Anheuser-Busch InBev said it plans to cut hundreds of jobs at its U.S. offices. Sales of the company’s flagship brand Bud Light have dwindled after a consumer boycott.
AB InBev (ticker: BUD) will
cut less than 2% of its roughly 18,000 U.S. workforce. The company said the cuts wouldn’t affect its front-line employees, which include brewery and warehouse staff, drivers, and field sales, among others. AB InBev didn’t give a reason for the job cuts.
“While we never take these decisions lightly, we want to ensure that our organization continues to be set for future long-term success,” Brendan Whitworth, CEO of the company’s North American business, said.
The beer maker’s Bud Light brand has been the subject of controversy. Sales of Bud Light—the best-selling beer brand in the U.S. up until recently—have been declining since the spring when the brand worked with transgender social-media personality Dylan Mulvaney on a marketing campaign.
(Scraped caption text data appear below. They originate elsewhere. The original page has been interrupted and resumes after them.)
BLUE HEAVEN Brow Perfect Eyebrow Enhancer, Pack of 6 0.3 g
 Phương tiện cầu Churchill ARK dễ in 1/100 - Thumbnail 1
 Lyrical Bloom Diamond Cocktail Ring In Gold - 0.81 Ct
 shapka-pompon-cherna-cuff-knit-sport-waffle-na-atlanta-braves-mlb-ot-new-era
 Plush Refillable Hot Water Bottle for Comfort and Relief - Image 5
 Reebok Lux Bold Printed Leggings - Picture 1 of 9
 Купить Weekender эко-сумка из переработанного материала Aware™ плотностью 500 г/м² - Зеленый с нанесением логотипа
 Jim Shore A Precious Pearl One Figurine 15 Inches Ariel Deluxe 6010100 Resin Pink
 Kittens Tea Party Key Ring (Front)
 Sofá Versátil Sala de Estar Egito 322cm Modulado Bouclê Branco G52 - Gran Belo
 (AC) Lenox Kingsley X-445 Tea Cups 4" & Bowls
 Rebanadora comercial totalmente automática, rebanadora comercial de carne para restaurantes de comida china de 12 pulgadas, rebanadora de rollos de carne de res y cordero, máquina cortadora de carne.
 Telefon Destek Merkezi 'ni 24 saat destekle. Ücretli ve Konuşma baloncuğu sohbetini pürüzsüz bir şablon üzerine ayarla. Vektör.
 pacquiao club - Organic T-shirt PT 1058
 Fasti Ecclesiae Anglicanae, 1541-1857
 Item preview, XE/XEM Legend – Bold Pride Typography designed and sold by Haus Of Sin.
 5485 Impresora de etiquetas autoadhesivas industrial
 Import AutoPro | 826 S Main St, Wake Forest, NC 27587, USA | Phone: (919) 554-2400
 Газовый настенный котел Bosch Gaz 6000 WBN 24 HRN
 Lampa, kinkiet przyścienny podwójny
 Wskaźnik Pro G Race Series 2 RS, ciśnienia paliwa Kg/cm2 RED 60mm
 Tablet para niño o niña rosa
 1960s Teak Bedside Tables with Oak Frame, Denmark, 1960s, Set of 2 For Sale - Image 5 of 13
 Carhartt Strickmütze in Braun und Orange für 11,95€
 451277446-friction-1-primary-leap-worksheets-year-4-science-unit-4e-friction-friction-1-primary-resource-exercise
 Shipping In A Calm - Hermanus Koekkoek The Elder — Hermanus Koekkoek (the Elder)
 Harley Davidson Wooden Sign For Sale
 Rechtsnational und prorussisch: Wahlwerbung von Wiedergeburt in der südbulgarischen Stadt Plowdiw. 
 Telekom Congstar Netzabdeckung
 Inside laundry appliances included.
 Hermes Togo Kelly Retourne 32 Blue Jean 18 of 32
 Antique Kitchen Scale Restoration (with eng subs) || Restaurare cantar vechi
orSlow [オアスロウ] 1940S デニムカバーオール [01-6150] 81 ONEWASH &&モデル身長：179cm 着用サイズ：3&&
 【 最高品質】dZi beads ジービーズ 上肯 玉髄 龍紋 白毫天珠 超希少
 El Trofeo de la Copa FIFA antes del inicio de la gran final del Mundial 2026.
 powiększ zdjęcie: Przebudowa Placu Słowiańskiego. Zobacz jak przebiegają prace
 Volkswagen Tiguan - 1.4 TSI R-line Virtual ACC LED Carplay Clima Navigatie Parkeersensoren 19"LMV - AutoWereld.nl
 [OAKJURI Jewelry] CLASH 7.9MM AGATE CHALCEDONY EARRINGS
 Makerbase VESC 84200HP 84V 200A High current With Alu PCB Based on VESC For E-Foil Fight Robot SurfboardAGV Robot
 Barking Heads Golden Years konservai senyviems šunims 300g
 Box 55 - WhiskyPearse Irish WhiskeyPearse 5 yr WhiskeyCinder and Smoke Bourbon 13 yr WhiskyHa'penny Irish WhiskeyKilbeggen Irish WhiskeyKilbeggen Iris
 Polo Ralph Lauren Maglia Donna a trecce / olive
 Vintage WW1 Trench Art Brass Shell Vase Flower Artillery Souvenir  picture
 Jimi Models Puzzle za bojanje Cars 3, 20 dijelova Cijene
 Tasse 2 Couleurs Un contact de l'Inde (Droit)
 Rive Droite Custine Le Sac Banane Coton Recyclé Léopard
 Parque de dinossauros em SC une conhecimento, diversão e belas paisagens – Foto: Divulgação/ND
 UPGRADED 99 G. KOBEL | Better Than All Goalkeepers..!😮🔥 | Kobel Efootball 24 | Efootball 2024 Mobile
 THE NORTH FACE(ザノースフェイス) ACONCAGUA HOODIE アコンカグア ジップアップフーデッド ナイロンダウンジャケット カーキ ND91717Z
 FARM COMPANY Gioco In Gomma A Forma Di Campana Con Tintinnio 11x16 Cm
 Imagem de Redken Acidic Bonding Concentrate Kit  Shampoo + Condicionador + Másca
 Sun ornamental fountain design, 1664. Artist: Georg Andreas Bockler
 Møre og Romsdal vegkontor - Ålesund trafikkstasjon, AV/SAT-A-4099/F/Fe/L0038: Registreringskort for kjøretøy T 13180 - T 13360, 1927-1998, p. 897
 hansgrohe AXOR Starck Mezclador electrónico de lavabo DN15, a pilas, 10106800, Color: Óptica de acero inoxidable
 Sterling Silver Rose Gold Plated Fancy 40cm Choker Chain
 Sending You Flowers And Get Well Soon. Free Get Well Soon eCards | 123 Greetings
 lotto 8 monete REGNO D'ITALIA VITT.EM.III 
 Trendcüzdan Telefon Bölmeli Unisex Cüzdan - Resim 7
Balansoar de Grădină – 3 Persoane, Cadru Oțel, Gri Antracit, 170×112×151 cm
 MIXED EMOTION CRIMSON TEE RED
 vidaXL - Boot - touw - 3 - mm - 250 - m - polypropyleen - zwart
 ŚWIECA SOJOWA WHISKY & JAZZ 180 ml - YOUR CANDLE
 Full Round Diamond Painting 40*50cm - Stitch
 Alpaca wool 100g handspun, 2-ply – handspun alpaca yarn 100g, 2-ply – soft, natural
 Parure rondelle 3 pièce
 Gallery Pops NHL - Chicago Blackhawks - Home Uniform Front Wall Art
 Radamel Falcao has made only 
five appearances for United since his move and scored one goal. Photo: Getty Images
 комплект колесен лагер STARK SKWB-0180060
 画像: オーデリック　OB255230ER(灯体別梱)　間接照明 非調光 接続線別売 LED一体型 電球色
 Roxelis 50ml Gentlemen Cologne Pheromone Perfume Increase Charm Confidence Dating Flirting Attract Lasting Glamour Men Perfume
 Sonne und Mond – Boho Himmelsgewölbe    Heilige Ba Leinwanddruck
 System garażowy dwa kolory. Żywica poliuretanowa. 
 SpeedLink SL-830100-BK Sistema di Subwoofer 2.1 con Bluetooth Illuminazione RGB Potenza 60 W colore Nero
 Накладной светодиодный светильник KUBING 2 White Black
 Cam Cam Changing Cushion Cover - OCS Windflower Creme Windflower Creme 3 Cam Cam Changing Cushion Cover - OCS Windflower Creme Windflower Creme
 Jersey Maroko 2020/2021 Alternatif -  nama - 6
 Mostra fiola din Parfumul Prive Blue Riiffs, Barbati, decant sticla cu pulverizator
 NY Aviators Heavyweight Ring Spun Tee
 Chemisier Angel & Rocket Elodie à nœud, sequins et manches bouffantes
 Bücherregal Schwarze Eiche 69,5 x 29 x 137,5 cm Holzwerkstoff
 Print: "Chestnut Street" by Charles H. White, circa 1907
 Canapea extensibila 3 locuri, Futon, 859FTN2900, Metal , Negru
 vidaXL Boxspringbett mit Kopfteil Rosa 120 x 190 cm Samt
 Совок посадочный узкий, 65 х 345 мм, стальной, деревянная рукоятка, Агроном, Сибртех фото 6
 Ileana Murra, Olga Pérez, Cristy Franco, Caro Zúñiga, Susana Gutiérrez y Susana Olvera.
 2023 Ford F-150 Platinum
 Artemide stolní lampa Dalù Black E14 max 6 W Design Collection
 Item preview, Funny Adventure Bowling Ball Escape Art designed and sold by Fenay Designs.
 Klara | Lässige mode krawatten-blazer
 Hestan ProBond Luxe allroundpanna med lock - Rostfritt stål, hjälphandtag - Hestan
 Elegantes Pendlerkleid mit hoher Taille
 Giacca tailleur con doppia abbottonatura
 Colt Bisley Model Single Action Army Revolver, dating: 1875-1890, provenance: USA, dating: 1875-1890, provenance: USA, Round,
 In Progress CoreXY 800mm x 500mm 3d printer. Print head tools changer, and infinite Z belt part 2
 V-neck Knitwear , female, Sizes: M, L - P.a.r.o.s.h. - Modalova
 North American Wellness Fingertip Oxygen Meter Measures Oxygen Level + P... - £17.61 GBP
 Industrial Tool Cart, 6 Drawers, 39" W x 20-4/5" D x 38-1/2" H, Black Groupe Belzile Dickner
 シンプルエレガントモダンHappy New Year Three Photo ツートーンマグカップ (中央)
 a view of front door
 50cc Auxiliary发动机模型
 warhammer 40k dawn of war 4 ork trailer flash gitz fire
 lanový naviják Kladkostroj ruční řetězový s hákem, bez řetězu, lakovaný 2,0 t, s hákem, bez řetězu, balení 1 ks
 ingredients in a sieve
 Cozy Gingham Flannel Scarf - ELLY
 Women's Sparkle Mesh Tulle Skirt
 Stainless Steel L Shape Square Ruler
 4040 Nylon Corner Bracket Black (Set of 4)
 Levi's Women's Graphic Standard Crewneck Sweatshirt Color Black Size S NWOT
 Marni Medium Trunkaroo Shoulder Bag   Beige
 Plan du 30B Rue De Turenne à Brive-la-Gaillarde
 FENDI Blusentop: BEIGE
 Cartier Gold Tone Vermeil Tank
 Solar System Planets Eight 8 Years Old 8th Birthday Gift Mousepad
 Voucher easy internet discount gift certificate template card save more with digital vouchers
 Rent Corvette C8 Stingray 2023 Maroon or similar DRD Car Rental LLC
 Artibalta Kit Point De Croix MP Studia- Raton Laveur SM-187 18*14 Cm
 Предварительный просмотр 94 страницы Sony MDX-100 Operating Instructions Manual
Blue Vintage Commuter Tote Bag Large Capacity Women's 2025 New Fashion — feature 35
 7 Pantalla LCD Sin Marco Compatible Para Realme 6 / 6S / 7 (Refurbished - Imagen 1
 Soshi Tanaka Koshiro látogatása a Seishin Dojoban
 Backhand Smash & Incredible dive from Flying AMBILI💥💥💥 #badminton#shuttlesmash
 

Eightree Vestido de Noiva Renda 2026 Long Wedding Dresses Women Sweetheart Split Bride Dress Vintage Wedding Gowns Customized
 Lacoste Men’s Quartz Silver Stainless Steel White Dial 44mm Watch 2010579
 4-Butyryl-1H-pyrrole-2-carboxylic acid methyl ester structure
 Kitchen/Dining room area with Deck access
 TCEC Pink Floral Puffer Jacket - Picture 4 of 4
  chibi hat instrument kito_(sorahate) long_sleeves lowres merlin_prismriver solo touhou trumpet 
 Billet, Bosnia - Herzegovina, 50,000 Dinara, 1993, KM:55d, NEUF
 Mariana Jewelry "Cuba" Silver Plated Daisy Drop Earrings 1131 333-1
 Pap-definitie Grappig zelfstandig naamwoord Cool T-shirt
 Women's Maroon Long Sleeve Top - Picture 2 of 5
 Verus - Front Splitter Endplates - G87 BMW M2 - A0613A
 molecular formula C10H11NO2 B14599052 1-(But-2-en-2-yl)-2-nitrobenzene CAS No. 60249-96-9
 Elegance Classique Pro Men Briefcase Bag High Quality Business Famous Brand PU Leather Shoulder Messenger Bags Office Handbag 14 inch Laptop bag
The promotion and subsequent actions sparked waves of criticism, most recently from Florida Gov. Ron DeSantis, and boycotts.
The backlash has shown up in AB InBev’s American depositary receipts, too. Shares have fallen 11% over the past three months, though are off their lows for the year. Some Wall Street analysts have suggested the company’s stock drop has been overdone compared with its global and long-term prospects.
Shares today edged slightly higher Thursday amid a broader market rally.